A hierarchical neural network approach to learning sensor planning and control

Abstract: The ability to search their environment is one of the most fundamental skills for any living creature. Visual search in particular is abundantly common for almost all animals. This act of searching is generally active in nature, with vision not simply reacting to incoming stimuli but also actively searching the environment for potential stimuli (such as by moving their head or eyes). Automatic visual search, likewise, is a crucial and powerful tool within a wide variety of different fields. However, performing such an active search is a nontrivial issue for many machine learning approaches. The added complexity of choosing which area to observe, as well as the common case of having a camera with adaptive field-of-view capabilities further complicates the problem. Hierarchical Reinforcement Learning have in recent years proven to be a particularly powerful means of solving hard machine learning problems by a divide-and-conquer methodology, where one highly complex task can be broken down into smaller sub-tasks which on their own may be more easily learnable.
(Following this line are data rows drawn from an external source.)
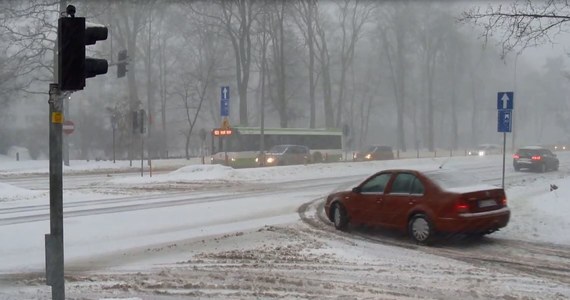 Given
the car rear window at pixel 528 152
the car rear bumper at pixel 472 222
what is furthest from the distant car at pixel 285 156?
the car rear bumper at pixel 472 222

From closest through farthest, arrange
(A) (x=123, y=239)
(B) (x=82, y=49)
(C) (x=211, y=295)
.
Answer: (B) (x=82, y=49)
(C) (x=211, y=295)
(A) (x=123, y=239)

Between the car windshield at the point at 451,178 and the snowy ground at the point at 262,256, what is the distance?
3.45 feet

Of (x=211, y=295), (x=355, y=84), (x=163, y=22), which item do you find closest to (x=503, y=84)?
(x=355, y=84)

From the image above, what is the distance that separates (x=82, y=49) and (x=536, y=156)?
101 feet

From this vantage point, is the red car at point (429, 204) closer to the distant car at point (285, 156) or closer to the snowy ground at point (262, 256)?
the snowy ground at point (262, 256)

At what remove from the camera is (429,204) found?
375 inches

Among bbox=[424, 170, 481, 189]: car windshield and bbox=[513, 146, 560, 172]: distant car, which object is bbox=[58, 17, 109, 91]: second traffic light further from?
bbox=[513, 146, 560, 172]: distant car

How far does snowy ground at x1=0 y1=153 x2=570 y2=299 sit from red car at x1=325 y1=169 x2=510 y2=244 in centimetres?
36

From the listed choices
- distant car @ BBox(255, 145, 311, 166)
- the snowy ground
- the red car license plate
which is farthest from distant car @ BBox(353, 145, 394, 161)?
the red car license plate

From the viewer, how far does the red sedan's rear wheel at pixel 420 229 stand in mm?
9508

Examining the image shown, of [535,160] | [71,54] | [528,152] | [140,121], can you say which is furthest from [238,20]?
[71,54]

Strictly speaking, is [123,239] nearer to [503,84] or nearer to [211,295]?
[211,295]

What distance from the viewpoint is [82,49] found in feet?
18.4

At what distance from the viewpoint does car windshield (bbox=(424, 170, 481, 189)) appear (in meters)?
9.75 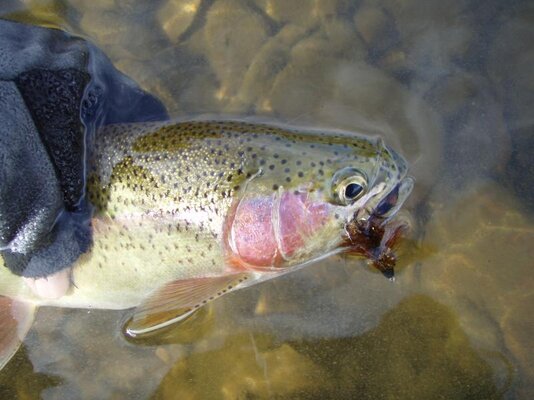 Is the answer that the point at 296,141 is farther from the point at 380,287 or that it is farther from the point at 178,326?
the point at 178,326

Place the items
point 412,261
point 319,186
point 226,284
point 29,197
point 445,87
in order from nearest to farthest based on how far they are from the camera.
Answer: point 29,197
point 319,186
point 226,284
point 412,261
point 445,87

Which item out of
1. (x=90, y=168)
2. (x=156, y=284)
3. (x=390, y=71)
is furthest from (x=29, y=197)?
(x=390, y=71)

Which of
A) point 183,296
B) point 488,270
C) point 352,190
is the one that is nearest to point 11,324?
point 183,296

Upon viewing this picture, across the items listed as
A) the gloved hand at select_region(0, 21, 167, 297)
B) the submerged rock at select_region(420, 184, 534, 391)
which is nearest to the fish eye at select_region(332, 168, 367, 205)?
the submerged rock at select_region(420, 184, 534, 391)

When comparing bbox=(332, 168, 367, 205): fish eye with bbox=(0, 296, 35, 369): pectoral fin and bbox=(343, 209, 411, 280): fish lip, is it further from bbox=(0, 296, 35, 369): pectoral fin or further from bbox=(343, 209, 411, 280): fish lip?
bbox=(0, 296, 35, 369): pectoral fin

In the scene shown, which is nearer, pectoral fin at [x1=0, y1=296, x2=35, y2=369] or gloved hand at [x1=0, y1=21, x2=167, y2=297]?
gloved hand at [x1=0, y1=21, x2=167, y2=297]

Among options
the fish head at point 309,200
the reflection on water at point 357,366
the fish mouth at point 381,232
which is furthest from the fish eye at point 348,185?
the reflection on water at point 357,366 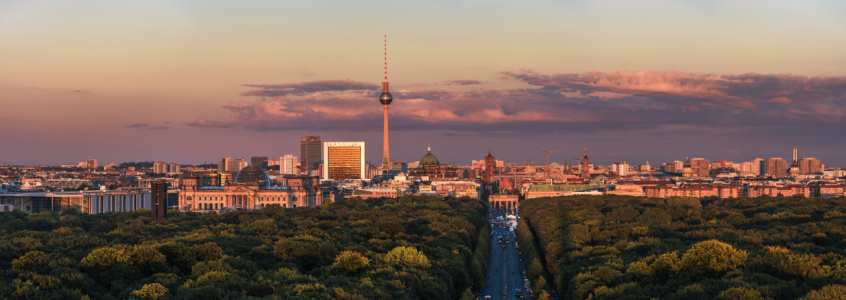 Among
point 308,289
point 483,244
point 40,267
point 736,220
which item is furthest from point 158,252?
point 736,220

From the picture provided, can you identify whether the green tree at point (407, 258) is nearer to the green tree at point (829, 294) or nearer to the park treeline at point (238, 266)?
the park treeline at point (238, 266)

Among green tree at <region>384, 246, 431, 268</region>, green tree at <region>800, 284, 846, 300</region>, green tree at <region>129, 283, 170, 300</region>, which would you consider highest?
green tree at <region>800, 284, 846, 300</region>

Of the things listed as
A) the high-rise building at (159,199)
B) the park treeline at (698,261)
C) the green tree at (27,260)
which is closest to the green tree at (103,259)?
the green tree at (27,260)

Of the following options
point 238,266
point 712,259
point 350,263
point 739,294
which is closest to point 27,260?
point 238,266

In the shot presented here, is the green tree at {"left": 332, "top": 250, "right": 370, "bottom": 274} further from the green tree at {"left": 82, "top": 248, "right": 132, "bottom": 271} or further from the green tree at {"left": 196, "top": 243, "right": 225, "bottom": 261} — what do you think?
the green tree at {"left": 82, "top": 248, "right": 132, "bottom": 271}

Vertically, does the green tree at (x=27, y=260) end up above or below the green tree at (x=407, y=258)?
above

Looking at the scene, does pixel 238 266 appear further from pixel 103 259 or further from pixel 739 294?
pixel 739 294

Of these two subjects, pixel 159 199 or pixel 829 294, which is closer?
pixel 829 294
In this thesis, we present a hierarchical reinforcement learning system for solving a visual search problem in a stationary camera environment with adjustable pan, tilt and field-of-view capabilities. This hierarchical model also incorporates non-reinforcement learning agents in its workflow to better utilize the strengths of different agents and form a more powerful overall model. This model is then compared to a non-hierarchical baseline as well as some learning-free approaches.